This amazing activist gathered a group of black and white protesters, placed them in a bus, and took the fight for equality to rural Australia. On the way they got egged and rammed by other vehicles, but they also managed to edge Australia closer to equality.
As a young white Australian, I didn’t know who Charlie Perkins was until I was 26. I don’t know if this is typical of other young Aussies (but my guess – highly likely!). Now I wonder why Charlie Perkins is not as well-known as civil rights activist Rosa Parks, or celebrated Australian Professor Ian Frazer. Here’s what I’ve learnt about Charlie, and why I think everyone should know about him.
Charles (Charlie) Perkins was born in Alice Springs to Hetty Perkins, an Elder of the Eastern Arrernte people, and Martin Connelly. His mother was born to a white father and an Arrernte mother, while his father was born to an Irish father and a Kalkadoon mother.

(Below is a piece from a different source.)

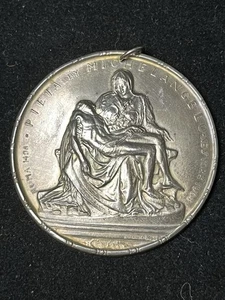 Sterling Silver 'Pieta By Michelangelo' 1964 Towle Medallic Art Medallion - Picture 1 of 2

Charlie was educated in Alice Springs, then Adelaide and then Sydney. He graduated from the University of Sydney in 1966, becoming the first Aboriginal man in Australia to graduate from university.
The Freedom Rides
In the early 60s, overt discrimination was a fact of life for Aboriginal people. It wasn’t unusual for rural shops and cafes to refuse to serve Aboriginal people, and for picture theatres to be segregated. There were massive discrepancies between Indigenous and white people when it came to living, education and health conditions (50 years later, things aren’t much better).
The world had just witnessed the 1961 US Civil Rights Freedom Riders, who had ridden buses in a challenge to racial segregation on public buses. Charlie and a few other students saw this and, inspired, kicked off their own Freedom Ride in 1965.
The premise was simple – gather a busload of concerned white and black people, put them in said bus, and drive around rural and outback Australia to raise public awareness of racial intolerance.
Conflicts and wins
The activists targeted acts of blatant discrimination in rural New South Wales towns. An RSL club in Walgett at the time refused to let Aboriginal people enter, even those who were ex-servicemen. So the activists took their bus to protest at Walgett. Afterwards, an unidentified driver rammed the Freedom Bus, forcing it off the road. Unfortunately for that driver, a cadet reporter had come along with the Freedom Riders and the incident made headlines across the world.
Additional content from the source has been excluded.